Several NT passages could be quoting from Baruch: Luke 13:29, John 3:13, 1 Cor. 10:20, and John 1:14.
For this second week of Advent, with the theme of peace, I share with you a lovely passage from this book, named after Jeremiah’s scribe.
Baruch 5:1-9
Take off the garment of your sorrow and affliction, O Jerusalem,
and put on forever the beauty of the glory from God.
Put on the robe of the righteousness that comes from God;
put on your head the diadem of the glory of the Everlasting;
for God will show your splendor everywhere under heaven.
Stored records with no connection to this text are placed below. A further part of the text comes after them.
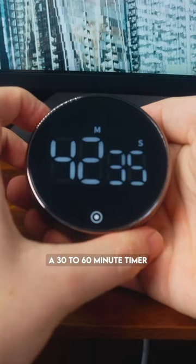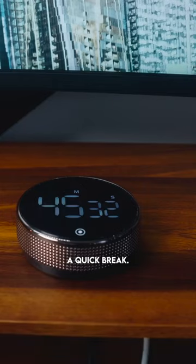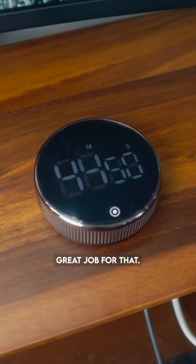I'll often set a 30 to 60 minute timer, and that'll help me stay focused for that amount of time. Then I'll take a quick break, set another timer, and keep going. This cheap little timer honestly does a great job for that.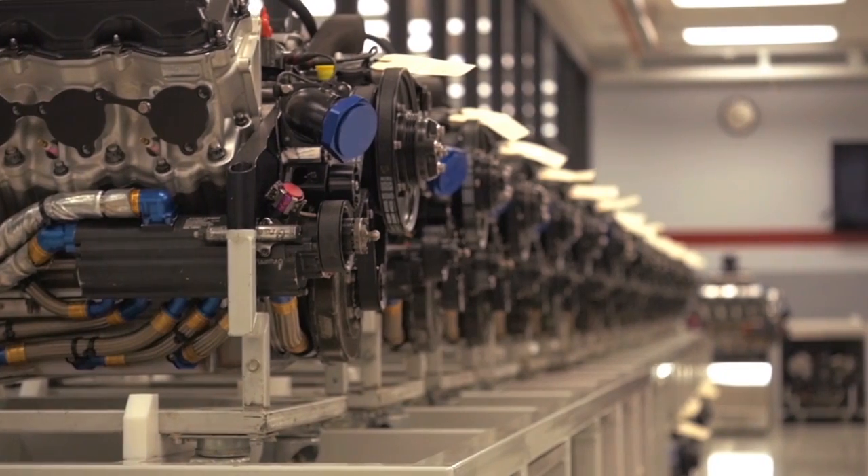To go faster we have to either reduce drag or increase power, and so that's where the challenge is. The engine shop is always working on more power. Our job for those tracks is to work on drag reduction.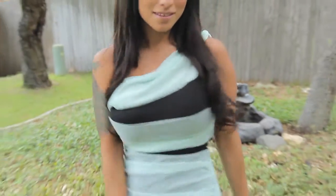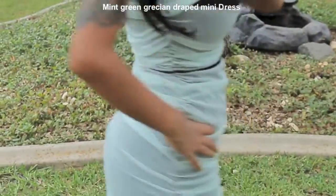This one-shoulder dress is very unique yet glamorous and you'll definitely be making an entrance with this dress.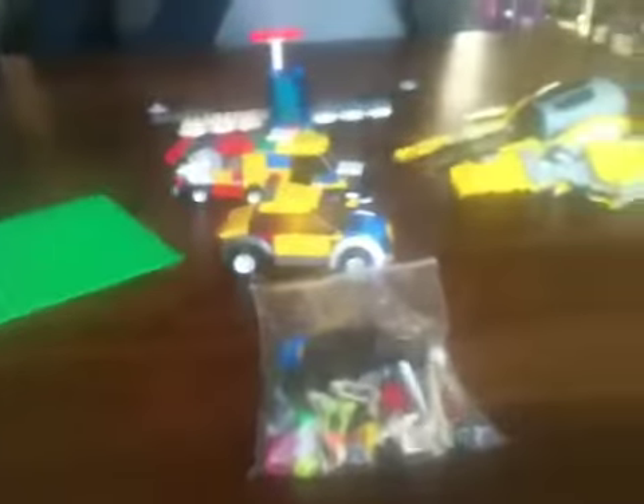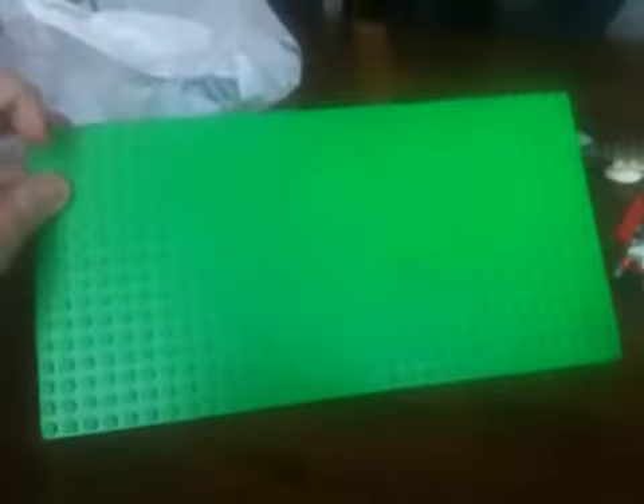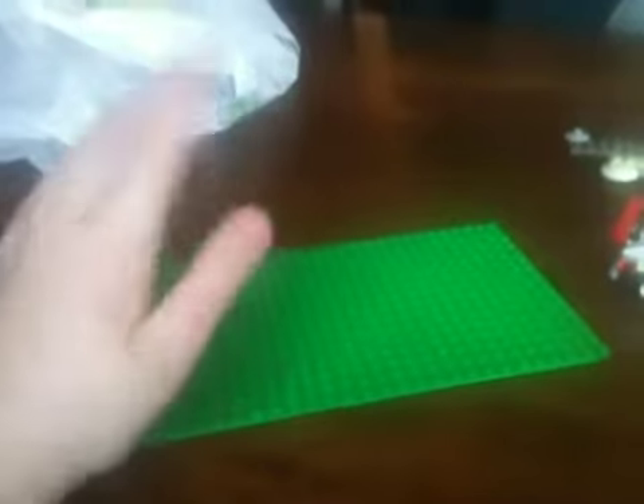Hello guys, KJ Stonebrick here. We're just doing a quick video of just little things. We'll start with a little base plate here — going to be useful for things. I've built a house upstairs, so next we have...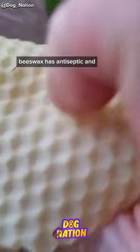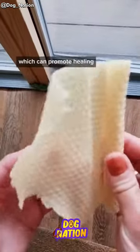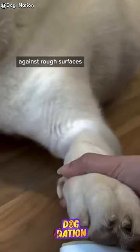Number two: beeswax. Beeswax has antiseptic and anti-inflammatory properties, which can promote healing of minor wounds, as well as protect it against rough surfaces.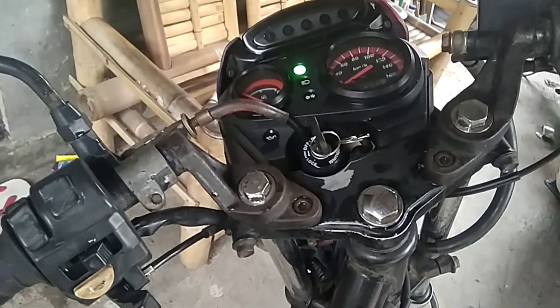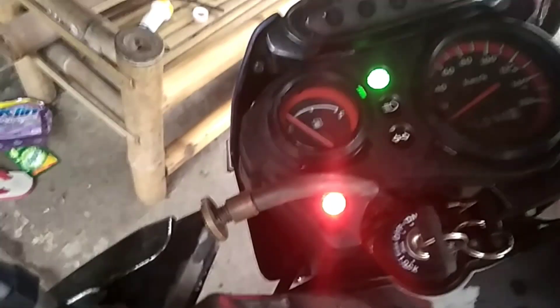Nah ini mati (this one is off), berarti kalau ini oli-nya udah mau habis (meaning the oil is almost empty). Indikator bensin juga masih nyala (fuel indicator is still on), itu perlahan-lahan naik (it's slowly rising).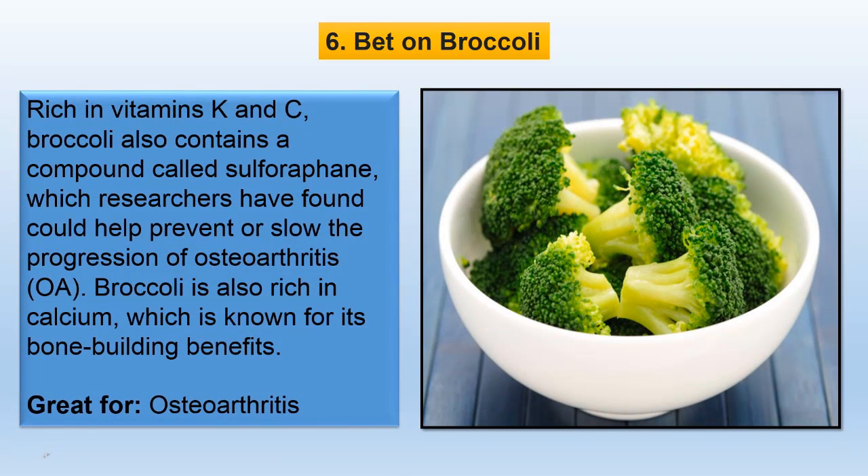Rich in vitamins K and C, broccoli also contains a compound called sulforaphane, which researchers have found could help prevent or slow the progression of osteoarthritis. Broccoli is also rich in calcium, which is known for its bone-building benefits.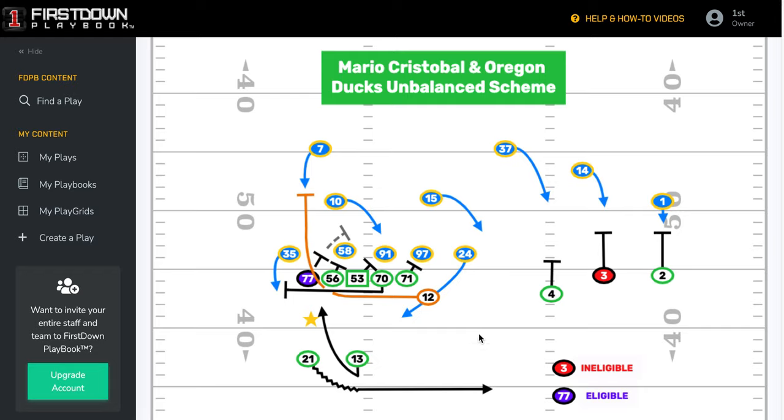It happens to be a four by one set right here. The number two receiver, number three, is ineligible. And this tackle on the backside, number 77, is eligible. They didn't take advantage of that in the pass game as much, but it really had UCLA on their heels as far as just trying to fit the gaps and all that.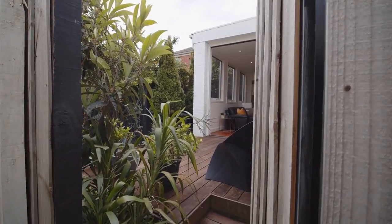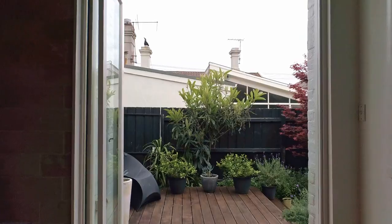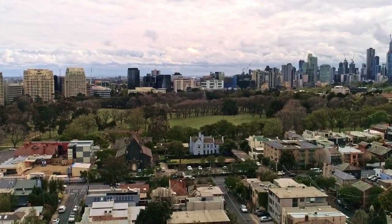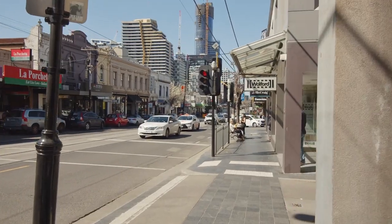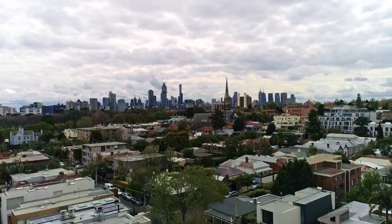Includes rear pedestrian lane access, lock-up storage, and a short walk to all the amenities that make South Yarra so liveable, such as Faulkner Park, Royal Botanic Gardens, Paran Market, a plethora of transport on Toorak Road, Commercial Road, Paran Station, South Yarra Station, not to mention Chapel Street.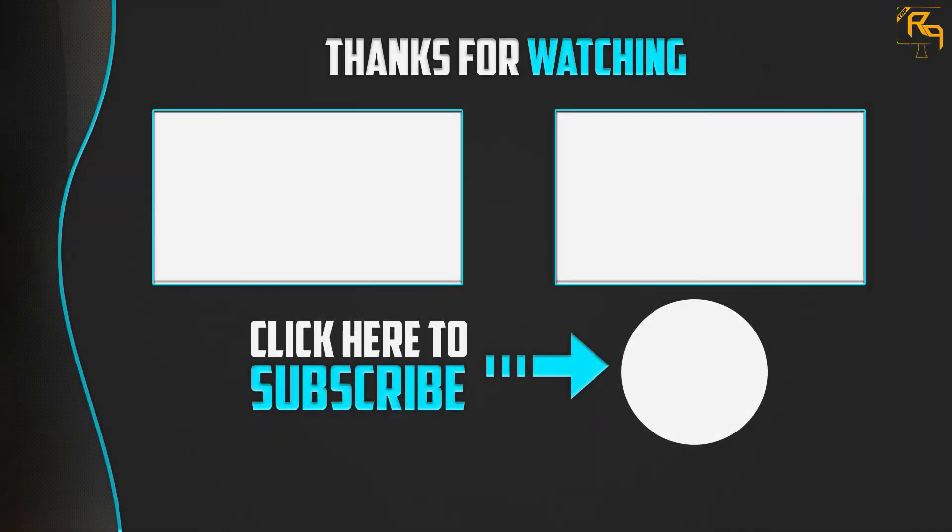Thanks for watching, guys. I hope you liked this video. If this video was helpful to you, please make sure to like, comment, and subscribe. If you have any questions related to these products, you can leave a comment below and I will get back to you as soon as possible.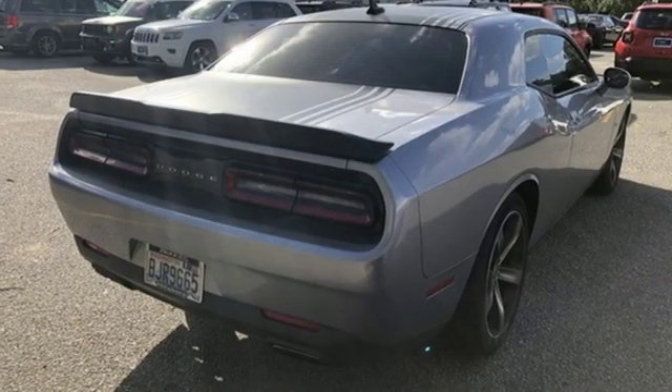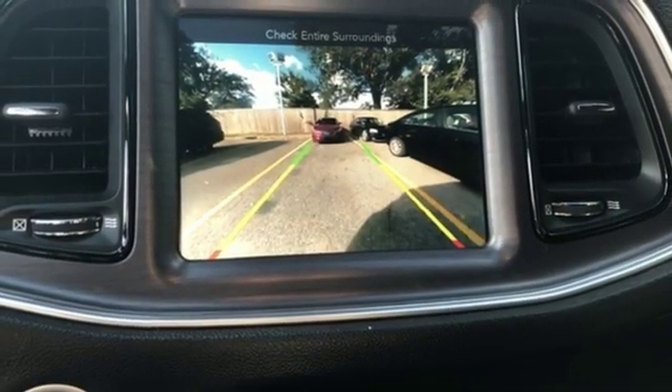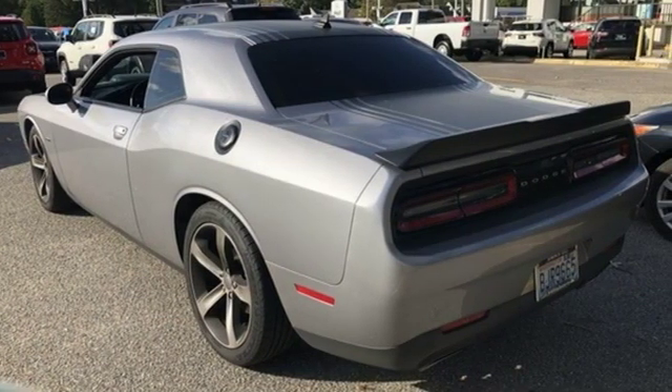Aluminum wheels, gas pressurized shocks, and keyless go. Can a vehicle be daring yet sensible? Yes, it's a Dodge. Stop in for a test drive and make it yours today.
For God will give you evermore the name,
“Righteous Peace, Godly Glory.”
Arise, O Jerusalem, stand upon the height;
look toward the east,
and see your children gathered from west and east
at the word of the Holy One,
rejoicing that God has remembered them.
For they went out from you on foot,
led away by their enemies;
but God will bring them back to you,
carried in glory, as on a royal throne.
For God has ordered that every high mountain and the everlasting hills be made low
and the valleys filled up, to make level ground,
so that Israel may walk safely in the glory of God.
The woods and every fragrant tree
have shaded Israel at God’s command.
For God will lead Israel with joy,
in the light of his glory,
with the mercy and righteousness that come from him.